Decision Making and Reinforcement Learning in Complex Environments
Many outdoor enviroments are unstructured and spatiotemporal which can cause uncertain behavivors of robots. For example, the motion of aquatic vehicles in the water or aerial vehicles in the air can be highly uncertain/stochastic. The decision making (or planning under uncertainty) allows a robot to effectively reject action stochasticity caused by external disturbances.
Time-Varying Markov Decision Processes:
We developed a framework called time-varying Markov Decision Process (TVMDP). The new framework does not need to increase state space or discretize time. Specifically, the TVMDP is built upon an upgraded transition model that varies both spatially and temporally, with an underlying computing mechanism that can be imagined as value iterations combining both spatial "expansion" and temporal "evolution". Such a framework is able to integrate a future horizon of environmental dynamics and produce highly accurate action policies under the spatio-temporal disturbances that are caused by, e.g, tidal and/or air turbulence.
Left: flow pattern near San Francisco Bay (by F. Baart et al). Middle: without considering the time-varying aspect of disturbance, the robot's trajectory makes unnecessary detours. Right: trajectory produced by a decision-making strategy that has integrated prediction of ocean currents near southern California.
State-Continuity Approximation of Markov Decision Processes:
We developed a solution to the MDP based decision-theoretic planning problem using a continuous approximation of the underlying discrete value functions. This approach allows us to obtain an accurate and continuous form of value function even with a small number of states from a very low resolution of state space. We achieved this by taking advantage of the second order Taylor expansion to approximate the value function, where the value function is modeled as a boundary-conditioned partial differential equation which can be naturally solved using a finite element method.

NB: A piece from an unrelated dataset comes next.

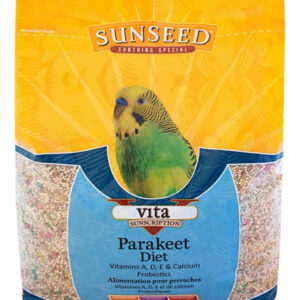 Sun Seed Vita Sunscription Parakeet Diet Bird Food 5 Lbs By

Our extensive simulations and the evaluations reveal that our solution provides continuous value functions, leading to better path results in terms of path smoothness, travel distance and time costs, even with a smaller state space.
Left: MDP policy iteration with continuous value approximation by finite element analysis. Middle: MDP policy iteration with exact discrete policy iteration on high-resolution states (traditional). Right: Goal-oriented planner without motion uncertainty (policy) optimization.
Action Learning with Visual Perception:
We recently developed a method for exploring and monitoring coral reef habitats using an autonomous underwater vehicle (AUV) equipped with an onboard camera. To accomplish this task, the vehicle needs to learn to detect and classify different coral species, and also make motion decisions for exploring larger unknown areas while trying to detect as more corals (with species labels) as possible. We propose a systematic framework that integrates object detection, occupancy grid mapping, and reinforcement learning methods. To enable the vehicle to adjudicate decisions between exploration of larger space and exploitation of promising areas, we propose a reward function that combines both an information-theoretic objective for environment spatial coverage and an ingredient that encourages coral detection. We have validated the proposed method through extensive simulations, and the results show that our approach can achieve a good performance even by training with a small number of images (50 images in total) collected in the simulator.
Left: An illustration of the system that enables the AUV to autonomously explore and monitor the coral habitats in unknown environments. The YOLOv3 detector processes the images captured by an onboard camera. The obtained coral species distribution is used to update the occupancy grid map of the environment. The AUV's motion decision is then computed based on the updated map and the current pose of the vehicle. Right: An illustration of the camera setup. The camera is mounted underneath the AUV. We set the camera to look downward (indicated by the red arrow) so that each image pixel has the same depth value. The red and gray areas denote the grids that are inside and outside the camera's field of view, respectively.
Evaluation of the YOLOv3 coral detection and recognition (different coral species).